Monday, January 19, 2009

Dr. Scrum: Agile and Making It Work in the Real World (Part Two of Two)

In the real world of Agile development, you may be pulled a thousand different ways - and not just by development. Here's a few tricks I've learned to make working with an agile team a bit easier.

1. Plan your stories and epics in advance. Even though the development team is looking at the user stories on the very near horizon, plan a roadmap for what you will be working on over the next 4 quarters. By documenting a high-level iteration plan, it will inform the team on what's coming next, and will help you make adjustments when new user stories are requested. What I've often done is write out high-level user stories several iterations in advance in a spreadsheet (not the acceptance tests- yet). That way I can look at what's coming 5 iterations from now, in both managing my time, and making changes to iterations as they are needed.

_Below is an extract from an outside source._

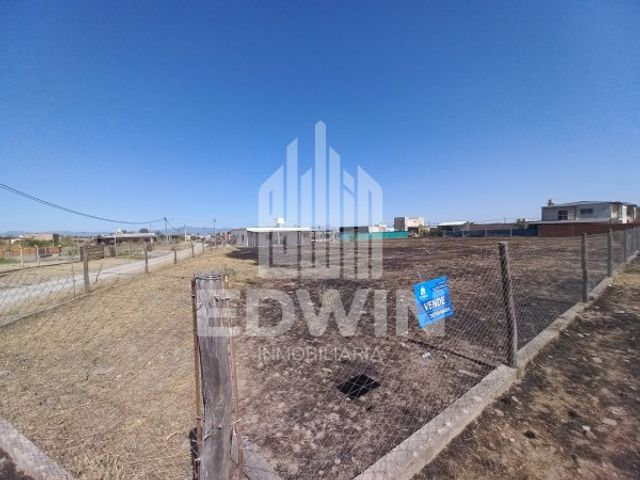 Los robles, listos para escriturar! Sobre ingreso Principal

2. Keep User Stories Lightweight. At Yesmail, user stories are very simply and include acceptance tests. That (for the most part) is it. By keeping them straightforward and clear in the acceptance test, you'll have less questions from engineering, and more time for managing the product.

3. Be Flexible in the Outcome. When you write user stories and acceptance tests, you probably have a fairly good idea of how the product will look in the UI. My advice? Allow there to be several solutions to one user story - and choose the best as a team. There's nothing worse in really hampering creativity than a product manager with a 'my way or the high way' point of view. That being said, do ensure you communicate the users needs and technical expertise well, so the users needs are well understood.

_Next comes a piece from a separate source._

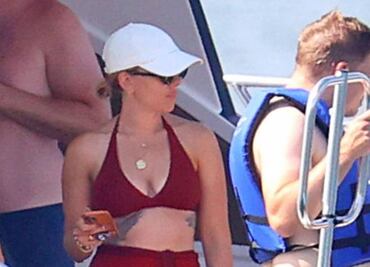 Scarlett Johansson conquista con bikini rojo en los Hamptons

4. Assess ROI and Market Need. Set time aside to validate your roadmap and backlog with ROI and market need. In my experience, nearly all developers are 'okay' if I communicate that I need time to ensure the user stories are in line with market demands. Practically speaking, this means that I try to make myself available for a few hours to help with product development, but I do say "I will be working tomorrow morning from 8:30-11:00 on a revised market assessment(or other product management task)." Most developers are okay with with working with your schedule.

5. Ensure continual communication about development estimating. In planning the roadmap, I've worked with several development teams to ensure realistic timetables for a product roadmap were communicated. The roadmap answers two questions 1) What do we need to do (and why?), and 2) When do we need it? Ensure that development is on board, and plans for product iterations are realistic. For me, there were standing weekly meeting about iteration planning and estimating. This helps in both building trust both with development teams and executives.

6. Use Steering Committees to Validate the Backlog. What has helped tremendously in agile is monthly explicit communication to the executive team about what's coming in the next few iterations and what's in the products backlog. This may be contained in JIRA, or a confluence page - or a spreadsheet. What's most important is that the team knows the scheduled priorities of the product, and the order in which they are released.

7. Enjoy the ride (and the people you work with). Agile is about daily communication and collaboration. Soo... get to know the development team well. Soon you'll be making a great product with a development team that delivers great solutions and superior products. Agile and agile methodologies are likely to be here a while. So buckle up and enjoy the ride!


  1. This is a not-so lightweight comment regarding number two, Keep User Stories Lightweight

    Borrowing from "User Stories Applied" by Mike Cohn, who borrowed in turn from Bill Wake, author of "Extreme Programming Explored", a good story should have six attributes.

    Value to users or customers

    Notice they form the acronym INVEST.

    Independent means a story has as few dependencies as possible.

    Negotiable means that it is not a written contract, but instead is designed to generate discussion between the developer and the product owner.

    Value to either the people using the software or buying the software.

    "Estimatable" means that the developer can estimate how long it will take to turn the story into working code. There may be challenges to this. If the developer is not familiar with the domain, then some time needs to be allotted with the domain expert. If the story is too big, then it they make break it down into smaller pieces.

    Small means they shouldn't be too big. Although they shouldn't be too small either.

    Testable means you should put in some high level acceptance tests as passing its tests proves that a story has been successfully developed. They also provide some guidance to both the developer and QA regarding the expected behavior.

  2. The idea behind Agile Development seems to have been around for a long time... The notion of co-location all project resources... Rapid Action Development (RAD)... and the Rational Unified Process were all different flavors of what we are labeling as Agile.

    Do you think that we'll have another flavor development soon and will be merely be Agile with a new name?

  3. Could be. I've been working with modified version of XP, Agile, Scrum, but there are always new ways of working that will speed innovation.